I have a new pastor at my church, and the man is on fire. Every week his broken heart and passion for lost people burns brightly in his sermons. He’s contagious, and I’m catching “the bug” worse than ever before. May we all be as “sick” as he is!
Pastor John Mark has been sharing some statistics about the area around our church. It’s located in a quaint downtown in the middle of a Bible belt town, Apex, NC. Apex is interesting, but it’s changed dramatically in the past 10 years and even more dramatically in the past 20. It was a rural town, and our church is old with generations of some families who have attended.
But growth means change, and Apex has been growing by leaps and bounds. It’s right at the edge of the Research Triangle Park which is an area that has attracted business people and scientists from all over our nation and world. It’s also in the part of the state called The Triangle which includes cities with major universities–The University of North Carolina, NC State University and Duke to name just a few. Academians and students flock here, and there are literally people from every nation, tribe and tongue living all around me.
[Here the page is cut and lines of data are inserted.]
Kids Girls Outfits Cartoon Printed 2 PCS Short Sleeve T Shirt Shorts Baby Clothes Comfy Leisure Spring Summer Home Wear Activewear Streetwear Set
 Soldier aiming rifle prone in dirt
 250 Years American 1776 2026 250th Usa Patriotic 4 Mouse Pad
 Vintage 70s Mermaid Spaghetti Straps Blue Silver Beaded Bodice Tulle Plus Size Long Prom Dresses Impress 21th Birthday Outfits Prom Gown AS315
Yet Pastor John Mark tells us that only 40% are in church on a given Sunday. That means that the majority of people around me are either estranged from the church or don’t have a relationship with Jesus at all.
That presents a Gone-To-Church-All-Her-Life-Girl with a dilemma. I can either “do church” like I’ve always done, or I can grow a heart that really and truly loves the people around me. Please don’t get me wrong. I know the two aren’t completely mutually exclusive, but I know for me personally, the two are often divorced. “Doing church” for me has meant speaking the language, doing the jobs and behaving in a way that I know will gain the respect of those around me. But sometimes I’ve gotten lost in all the doing and forgotten why I’m supposed to be doing it–out of a pure love for Jesus and His lost loved ones around me.
Ouch! I’m stepping on my own toes telling ya’ll all that about me!!
Anyhow, here’s the point. I’ve got to stop it. I want to retrain myself to speak in a way that people outside “the choir” understand. When I create a tagline or write a topic description, I want the women in the pews AND the women on the street to understand. I won’t give up all the rich, beautiful language of scripture and the church, but I’ll wait to use it when I’m teaching so that I can define and unpack and keep everyone in the room on the same page.
I have to tell you that it’s tough, because the church is my comfortable place and the souls there are my peeps. But it’s the souls outside of that building who are calling to me. My soul is finally tuning into the cries of the broken and hopeless hearts around me…and it’s them that I’m called to speak to…as well as my beloved choir, the church.